Posted on September 26, 2011 at 11:15 PM


One of the first lessons we learn as children is that we have to share. We must share our mother with our father. If we have siblings, we have to share the time and attention we receive from both parents, share our toys, and sometimes we share clothes and bedrooms. On the playground we share swings and slides, and in school we are expected to share our ideas, thoughts, and feelings. We share secrets and apartments with friends and hopefully soon to be friends, and we share seats on buses and airplanes with strangers. On Facebook we share information.

     Every morning I look at the website's visitor statistics as well as the number of people who look at the website's Facebook pages. I know how many people visit the website and what links they used to find it. I know the number of people who look at the Facebook posts and how many click on the share buttons. What I find frustrating and difficult to understand is that anywhere from 500 to 1000 people might look at one post, but rarely do more than a few of these “friends” share the post. When I cross-post a transport, hundreds of people look, but only a handful bother to click on the link to see the full run, and even fewer share the post. The chances of adoption, rescue, and sponsorship increase if more people share and network. Transports need many drivers located in all parts of the country and sharing the information increases the likelihood that the runs will be filled. Networking saves lives. So that raises the question, "Why don't people share?"

     Several months ago my daughter and I had a discussion about human motivation. My daughter said that this subject had been discussed in one of her classes and that the class concluded that every human action is motivated by a personal goal or benefit. My first instinct was to disagree, but as we discussed the subject I began to believe she was correct. We act to minimize physical pain or discomfort, to maximize pleasure, to meet a specific need, goal or ideal, to receive a reward or benefit, or for emotional reasons.  Unless we receive some sort of benefit, we don’t act - whether it be a reasoned decision or instinctive behavior - without some kind of reward. Clicking on a share button may be a little too easy to motivate the average human to act. There is no instant gratification, no feedback, no pat on the incentive to motivate us.
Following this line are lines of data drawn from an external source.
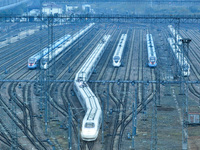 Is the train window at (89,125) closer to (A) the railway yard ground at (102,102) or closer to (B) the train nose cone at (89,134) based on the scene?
(B) the train nose cone at (89,134)

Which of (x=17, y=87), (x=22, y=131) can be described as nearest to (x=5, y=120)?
(x=22, y=131)

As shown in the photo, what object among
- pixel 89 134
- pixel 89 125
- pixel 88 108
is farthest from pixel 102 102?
pixel 89 134

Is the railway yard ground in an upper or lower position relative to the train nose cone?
lower

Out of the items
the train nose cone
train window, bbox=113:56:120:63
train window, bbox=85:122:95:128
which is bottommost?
train window, bbox=113:56:120:63

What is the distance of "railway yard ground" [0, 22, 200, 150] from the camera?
1195 inches

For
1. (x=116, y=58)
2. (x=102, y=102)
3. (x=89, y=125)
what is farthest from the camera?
(x=116, y=58)

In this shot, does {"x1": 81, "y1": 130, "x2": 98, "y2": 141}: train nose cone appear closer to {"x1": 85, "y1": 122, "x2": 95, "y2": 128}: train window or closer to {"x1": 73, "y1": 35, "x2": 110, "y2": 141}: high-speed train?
{"x1": 73, "y1": 35, "x2": 110, "y2": 141}: high-speed train

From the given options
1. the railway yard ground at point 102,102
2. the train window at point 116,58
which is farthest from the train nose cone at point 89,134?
the train window at point 116,58

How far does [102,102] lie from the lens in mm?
31844

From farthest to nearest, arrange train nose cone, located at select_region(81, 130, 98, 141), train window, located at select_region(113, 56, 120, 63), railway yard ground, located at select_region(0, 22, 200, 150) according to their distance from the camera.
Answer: train window, located at select_region(113, 56, 120, 63) → railway yard ground, located at select_region(0, 22, 200, 150) → train nose cone, located at select_region(81, 130, 98, 141)

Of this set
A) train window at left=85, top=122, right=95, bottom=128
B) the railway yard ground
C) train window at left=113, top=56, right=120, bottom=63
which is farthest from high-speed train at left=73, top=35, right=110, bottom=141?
train window at left=113, top=56, right=120, bottom=63

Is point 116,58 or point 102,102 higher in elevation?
point 102,102

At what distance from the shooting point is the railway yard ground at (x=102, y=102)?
30344 mm

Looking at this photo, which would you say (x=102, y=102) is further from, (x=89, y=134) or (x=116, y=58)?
(x=116, y=58) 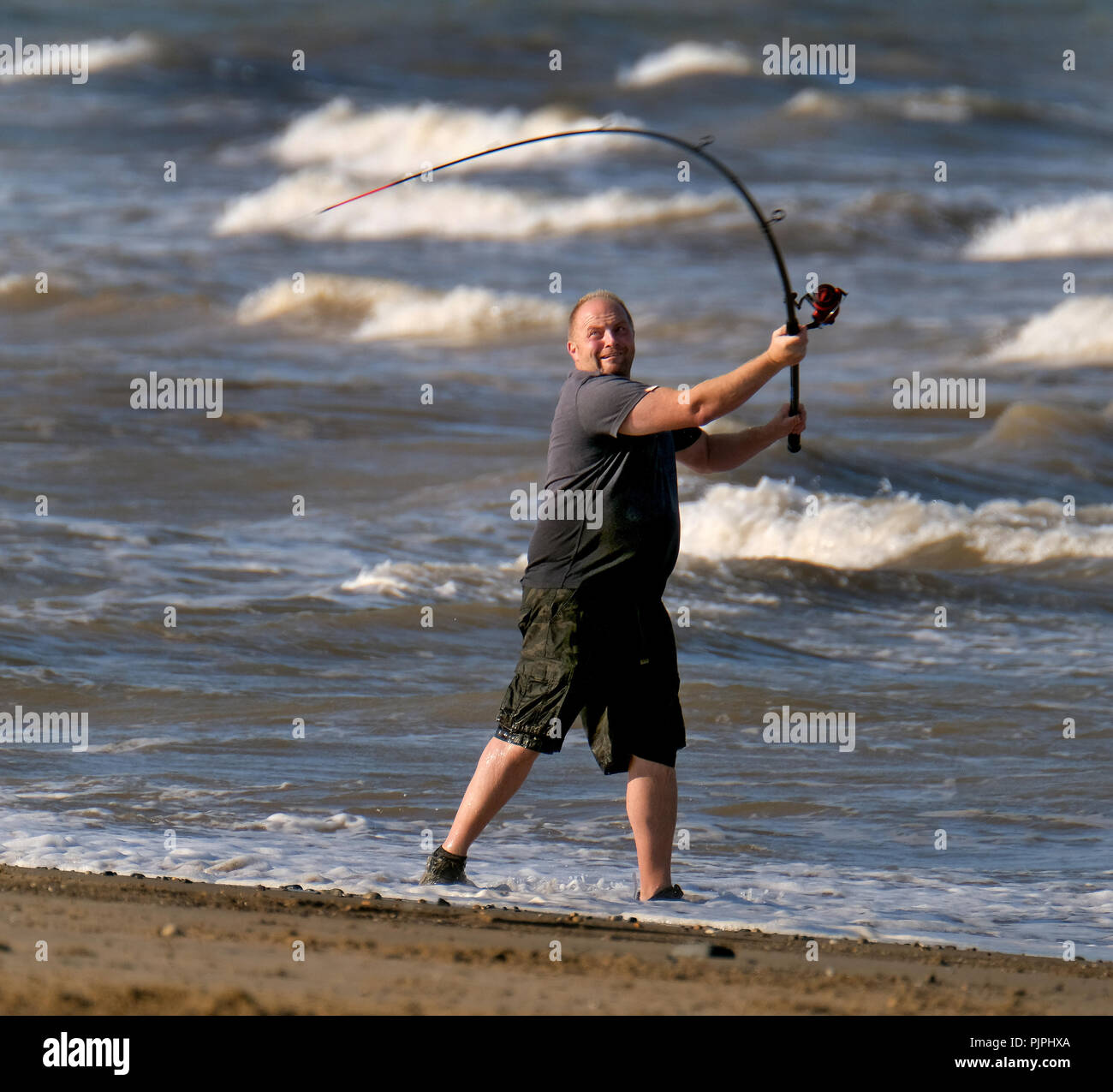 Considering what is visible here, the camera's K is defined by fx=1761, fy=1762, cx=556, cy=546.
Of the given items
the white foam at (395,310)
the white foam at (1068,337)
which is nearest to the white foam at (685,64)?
the white foam at (395,310)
Together we can change the world, one good deed at a time. ~Blake Beattie

     When pleas for help go unanswered, the animals that didn't receive commitments become another sad statistic.  Many transports are canceled because the runs don't fill, and often this results in animals having to remain in overcrowded shelters.  Shelters respond by killing for space. It takes only a few minutes to cross-post a plea and one second to click a button on Facebook to share a message.  Too many people fret and complain about the problems that exist, but sit on the sidelines. They don’t want to make an effort, get involved, or do anything that might inconvenience them. As someone recently pointed out in a post, "Few things in life are free and sharing costs nothing". The simple act of sharing can make a difference for one unwanted animal. Please share today!


Each small act of kindness reverberates across great distances and spans of time, affecting lives unknown to the one whose generous spirit was the source of the good echo, because kindness is passed on and grows each time it is passed, until simple courtesy becomes an act of selfless courage years later and far away.